The following facts are drawn from the allegations in Plaintiff Seth Ghantous's Complaint, which are taken as true for the purposes of deciding this Motion to Dismiss. Gillman v. Burlington N. R.R. Co., 878 F.2d 1020, 1022 (7th Cir. 1989). Plaintiff applied for a license to carry a concealed weapon under Illinois' Firearm Concealed Carry Act (the "Act"). 430 Ill. Comp. Stat. 66/10. Under the Act, the Illinois Department of State Police ("ISP") "shall issue a license to carry a concealed firearm" if the applicant:
(1) meets the qualifications of Section 25 of [the] Act;
(2) has provided the application and documentation required in Section 30 of [the] Act;
(3) has submitted the requisite fees; and
(4) does not pose a danger to himself, herself, or others, or a threat to public safety as determined by the Concealed Carry Licensing Review Board.

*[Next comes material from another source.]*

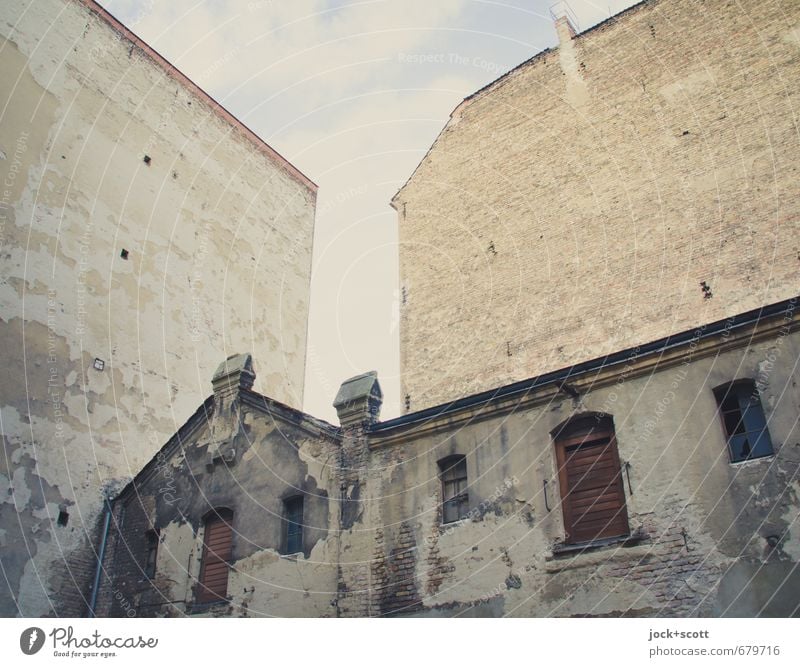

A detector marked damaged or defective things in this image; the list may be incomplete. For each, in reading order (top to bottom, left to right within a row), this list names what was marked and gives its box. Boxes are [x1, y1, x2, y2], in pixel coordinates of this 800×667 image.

peeling plaster wall [0, 0, 316, 616]
peeling plaster wall [354, 326, 800, 620]
peeling plaster wall [396, 0, 800, 412]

Any law enforcement agency, however, may object to an applicant receiving a license if the agency has "reasonable suspicion that the applicant is a danger to himself or herself or others, or a threat to public safety." Id. 66/15(a). If an agency objects, the application and the objection are reviewed by the seven-member Concealed Carry Licensing Review Board (the "Board"). Id. 66/15-20. The Board then considers only the application and the objection materials to decide whether to grant a license, unless at least four Board members vote to "request additional information [or testimony] from the law enforcement agency, [ISP], or the applicant." Id. 66/20(e).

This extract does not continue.